BEGIN

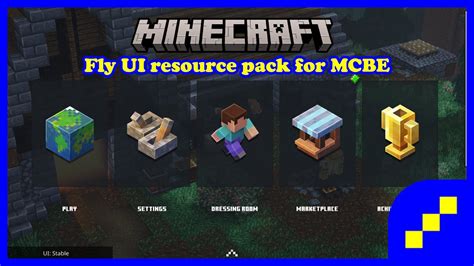 Don T Like Minecraft Bedrock S UI Try This Modern UI Fly UI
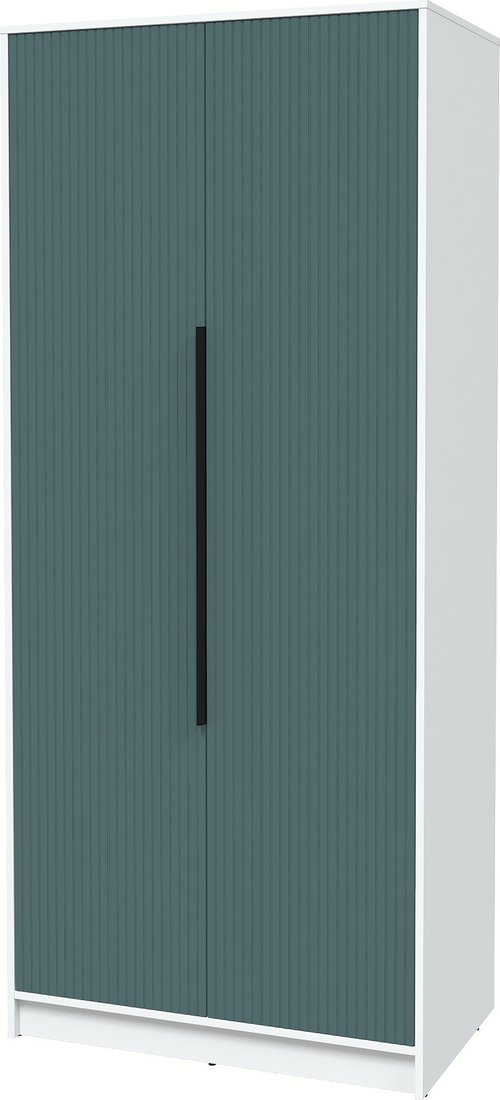 

Шкаф распашной Интерлиния Концепт Лайн КТ-Ш2 (белый платинум/верде)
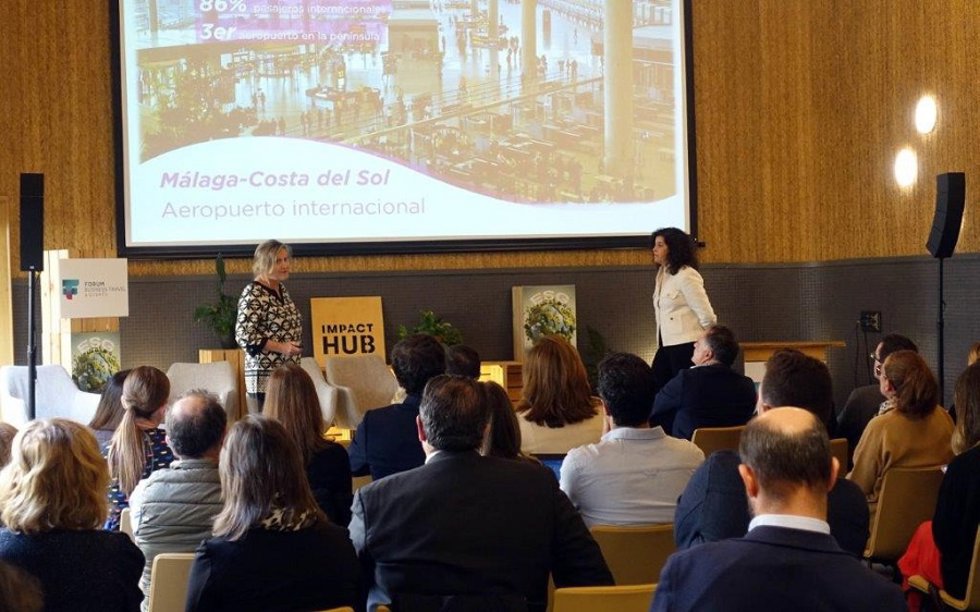Turismo Costa del sol expone en el marco del Forum Business Travel & Events su estrategia en materia de sostenibilidad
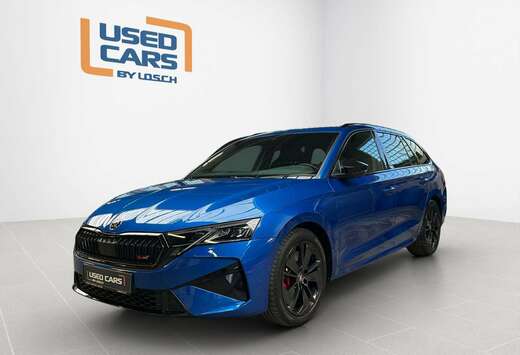 Skoda RS+DSG+AHK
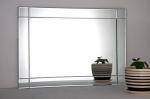 Tempered washroom bedroom silver mirror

END

Work to be completed: From the first line to the last, write out the data exactly, omitting any pictures.

Solution to the exercise:
 Don T Like Minecraft Bedrock S UI Try This Modern UI Fly UI

Шкаф распашной Интерлиния Концепт Лайн КТ-Ш2 (белый платинум/верде)
Turismo Costa del sol expone en el marco del Forum Business Travel & Events su estrategia en materia de sostenibilidad
 Skoda RS+DSG+AHK
 Tempered washroom bedroom silver mirror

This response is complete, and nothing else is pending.